É que faço de Por que ler os clássicos a imagem de uma ante-sala literária, e termino desde já a métafora, porque sei que é pobre, apesar de eficiente.
Não só porque o livro é uma apresentação de livros que gostaremos de ler. Mas porque, também, o fato de ler o livro antecipa fantasticamente o prazer de ler os livros dos quais ele fala. Assim como o gemido do paciente anterior anuncia o que nos espera.
Enfim, é um livro do qual não gostaríamos de sair, nem que seja para conferir o que ele aponta, sugere, promete. Nunca o esquecerei.

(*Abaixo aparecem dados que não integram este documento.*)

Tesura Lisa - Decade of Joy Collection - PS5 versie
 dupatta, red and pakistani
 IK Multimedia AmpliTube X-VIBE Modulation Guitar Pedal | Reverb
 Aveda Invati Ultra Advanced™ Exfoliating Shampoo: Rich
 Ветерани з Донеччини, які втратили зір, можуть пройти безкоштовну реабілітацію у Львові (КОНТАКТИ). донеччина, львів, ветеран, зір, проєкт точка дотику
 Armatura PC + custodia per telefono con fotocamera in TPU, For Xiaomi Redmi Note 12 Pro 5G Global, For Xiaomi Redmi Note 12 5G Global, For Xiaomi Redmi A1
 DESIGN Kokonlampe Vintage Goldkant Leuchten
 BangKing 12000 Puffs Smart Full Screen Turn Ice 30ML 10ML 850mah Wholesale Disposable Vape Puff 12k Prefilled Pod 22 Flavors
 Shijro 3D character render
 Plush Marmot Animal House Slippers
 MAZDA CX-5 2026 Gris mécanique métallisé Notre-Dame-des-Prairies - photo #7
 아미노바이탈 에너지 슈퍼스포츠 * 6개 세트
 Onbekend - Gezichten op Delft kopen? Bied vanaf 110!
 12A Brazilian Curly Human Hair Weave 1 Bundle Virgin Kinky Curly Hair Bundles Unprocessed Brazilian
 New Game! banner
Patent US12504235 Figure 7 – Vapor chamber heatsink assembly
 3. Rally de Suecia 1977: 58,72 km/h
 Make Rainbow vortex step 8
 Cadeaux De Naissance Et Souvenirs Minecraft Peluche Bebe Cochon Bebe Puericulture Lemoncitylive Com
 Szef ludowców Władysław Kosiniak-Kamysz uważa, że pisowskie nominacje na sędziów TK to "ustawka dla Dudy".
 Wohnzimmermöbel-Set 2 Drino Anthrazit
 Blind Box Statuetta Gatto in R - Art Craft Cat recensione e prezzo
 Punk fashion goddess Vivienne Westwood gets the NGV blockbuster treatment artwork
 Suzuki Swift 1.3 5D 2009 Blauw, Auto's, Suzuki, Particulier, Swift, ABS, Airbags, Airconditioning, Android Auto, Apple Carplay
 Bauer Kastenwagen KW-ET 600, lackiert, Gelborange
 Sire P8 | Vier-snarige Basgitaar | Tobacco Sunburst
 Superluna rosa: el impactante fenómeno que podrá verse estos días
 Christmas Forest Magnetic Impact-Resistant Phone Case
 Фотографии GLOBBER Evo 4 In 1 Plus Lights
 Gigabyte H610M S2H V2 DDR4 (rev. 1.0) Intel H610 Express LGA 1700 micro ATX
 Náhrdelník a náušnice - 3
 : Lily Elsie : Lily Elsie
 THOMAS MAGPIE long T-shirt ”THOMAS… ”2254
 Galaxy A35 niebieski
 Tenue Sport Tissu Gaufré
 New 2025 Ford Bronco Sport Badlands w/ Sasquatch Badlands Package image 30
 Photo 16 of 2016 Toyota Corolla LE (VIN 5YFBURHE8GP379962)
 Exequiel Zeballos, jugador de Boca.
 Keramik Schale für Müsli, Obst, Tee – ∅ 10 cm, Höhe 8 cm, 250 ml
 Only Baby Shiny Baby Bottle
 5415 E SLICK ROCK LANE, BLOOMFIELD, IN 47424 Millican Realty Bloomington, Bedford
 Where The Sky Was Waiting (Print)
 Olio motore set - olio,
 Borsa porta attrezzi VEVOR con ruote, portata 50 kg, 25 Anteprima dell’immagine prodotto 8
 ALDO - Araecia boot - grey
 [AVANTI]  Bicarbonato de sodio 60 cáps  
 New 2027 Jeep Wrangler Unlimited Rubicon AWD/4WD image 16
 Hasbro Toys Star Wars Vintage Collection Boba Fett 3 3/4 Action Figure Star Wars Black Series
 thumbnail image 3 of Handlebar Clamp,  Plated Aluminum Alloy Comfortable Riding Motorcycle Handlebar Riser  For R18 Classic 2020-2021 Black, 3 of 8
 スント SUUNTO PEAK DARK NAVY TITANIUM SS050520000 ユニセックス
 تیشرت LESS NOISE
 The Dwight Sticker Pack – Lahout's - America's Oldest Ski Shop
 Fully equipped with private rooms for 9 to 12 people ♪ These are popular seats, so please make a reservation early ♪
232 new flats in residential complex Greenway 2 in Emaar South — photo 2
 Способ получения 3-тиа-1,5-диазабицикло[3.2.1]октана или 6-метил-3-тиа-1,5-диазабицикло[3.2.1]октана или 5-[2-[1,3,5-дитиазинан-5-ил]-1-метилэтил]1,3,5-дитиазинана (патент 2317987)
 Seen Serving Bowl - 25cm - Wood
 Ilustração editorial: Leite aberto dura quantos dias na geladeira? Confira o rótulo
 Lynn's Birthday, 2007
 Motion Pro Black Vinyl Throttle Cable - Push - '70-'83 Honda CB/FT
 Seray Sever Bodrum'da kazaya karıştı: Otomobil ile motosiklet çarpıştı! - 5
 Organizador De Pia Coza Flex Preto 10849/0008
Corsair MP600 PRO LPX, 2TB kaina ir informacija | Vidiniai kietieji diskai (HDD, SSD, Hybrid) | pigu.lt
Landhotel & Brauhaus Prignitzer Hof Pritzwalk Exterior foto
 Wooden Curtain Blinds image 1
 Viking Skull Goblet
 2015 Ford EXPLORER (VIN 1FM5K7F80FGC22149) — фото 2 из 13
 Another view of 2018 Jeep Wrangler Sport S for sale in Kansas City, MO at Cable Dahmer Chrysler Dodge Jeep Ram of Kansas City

Calvino escreve com prazer, o que suaviza a manifestação de sua erudição. Ele quer ser mesmo uma conexão, uma companhia provisória – diferentemente de Jorge Luis Borges que, nesse sentido (e apenas nesse sentido!) pode aborrecer em suas narrativas sobre outros livros que, talvez, não saiam de si mesmas.
Mas se há prazer em minha lembrança, há também uma certa decepção. Não com o livro. Nem com a vida. Talvez com o tempo. Não sei bem com o que.
É que fechando a contracapa, descobri, escrito na orelha, que Calvino havia desaparecido em 1985. Não chegou a ser um choque, mas um peso a mais, o que senti. Calvino morreu. O homem que escreveu aquele livro que tanto me impressionou, estava morto. Havia algo de perturbador nisso, algo que perturbava não o livro, finito, completo, mas justamente a relação que eu pude manter com ele.
Porque como leitor nunca perdi de vista que do outro lado da pagina, no fim de cada linha, havia um homem portando uma caneta e que dizia aquelas cosias.
Não se trata do desejo de um encontro, mas da confirmação de uma troca: o livro se basta, é vivo e tem a dizer, mas me interessa, também, que tenha sido feito por alguém.
Por quê?
Talvez me saber contemporâneo de alguém assim tornasse a vida mais sustentável, e o mundo, compreensível.
Ou talvez seja um dos caminhos da arte de se fazer apreciar. Talvez este: conectar duas pessoas através de um caminho de afetos e idéias.
Talvez a arte siga também por percursos estreitos, individuais. Não sei. Mas gostaria de poder perguntar a Calvino, saber o que ele acha.